Setting up a quarantine tank
A quarantine tank does not need to be elaborate. A 10 to 20-gallon bare-bottom tank with a sponge filter, heater, and a few pieces of PVC pipe or a small shelter is sufficient. The sponge filter should be kept running in your display tank when not in use, so it maintains a bacterial colony and is ready immediately when you need it. A bare bottom makes it easy to see waste and any abnormal droppings, and simplifies cleaning and medication dosing.
The minimum quarantine period
The standard recommendation is a minimum of four weeks, though some experienced aquarists and fish health professionals advocate for six weeks for new fish, especially saltwater species or fish from unknown sources. The reason for the longer period is that some diseases, particularly ich (Ichthyophthirius multifiliis), can have a lifecycle that allows them to remain dormant or in non-visible stages for weeks before presenting symptoms.

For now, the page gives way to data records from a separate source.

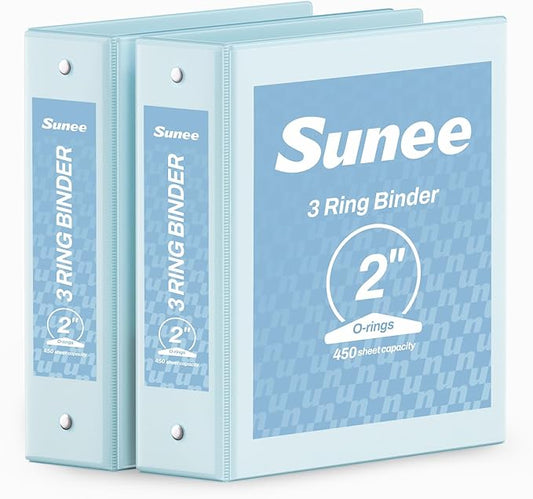 SUNEE 3 Ring Binder 2 Inch 2 Pack, Clear View Binder Three Ring PVC-Free (Fit 8.5x11 Inches) for School or Office Supplies, Blue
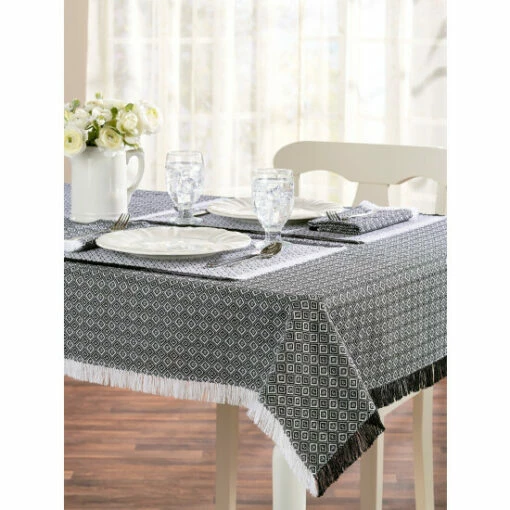 New 😍 The Mountain Weavers Diamond Weave Cotton Tablecloth Cranberry And White 👍 -Cheap Kitchen Shop unnamed file 422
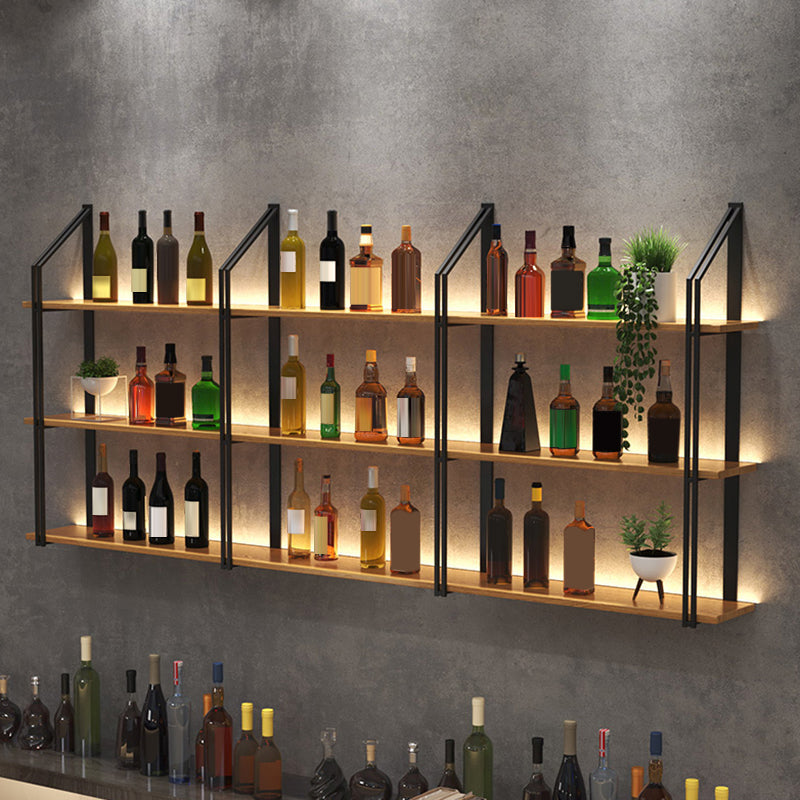 キッチン用の壁掛けワインボトルラックメタルと木製ボトルホルダー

What to observe during quarantine
During the quarantine period, watch for: white spots or dusty coating (ich or velvet), clamped fins, rapid gill movement or gasping, unusual swimming posture, lesions, ulcers, or discoloration, loss of appetite, and unusual or white stringy feces (often indicating internal parasites). Keep the lights low and disturbance minimal for the first few days to reduce stress.
Prophylactic treatment
Some aquarists treat all new fish prophylactically during quarantine regardless of whether symptoms appear. A common protocol for freshwater fish includes a praziquantel treatment for flukes and internal worms, and an observation period for protozoan diseases. For saltwater fish, a copper treatment or hyposalinity protocol during quarantine is standard practice in many serious hobbyist communities. Prophylactic treatment is optional but significantly reduces the risk of introducing unseen pathogens.
Moving fish to the display tank
After a clean quarantine period with no symptoms and no treatments in progress, the fish can be moved to the display tank. Acclimate slowly using the drip acclimation method for saltwater species, or a gradual temperature and water parameter match for freshwater. Do not transfer quarantine tank water into the display tank. The fish alone are the goal of the transfer.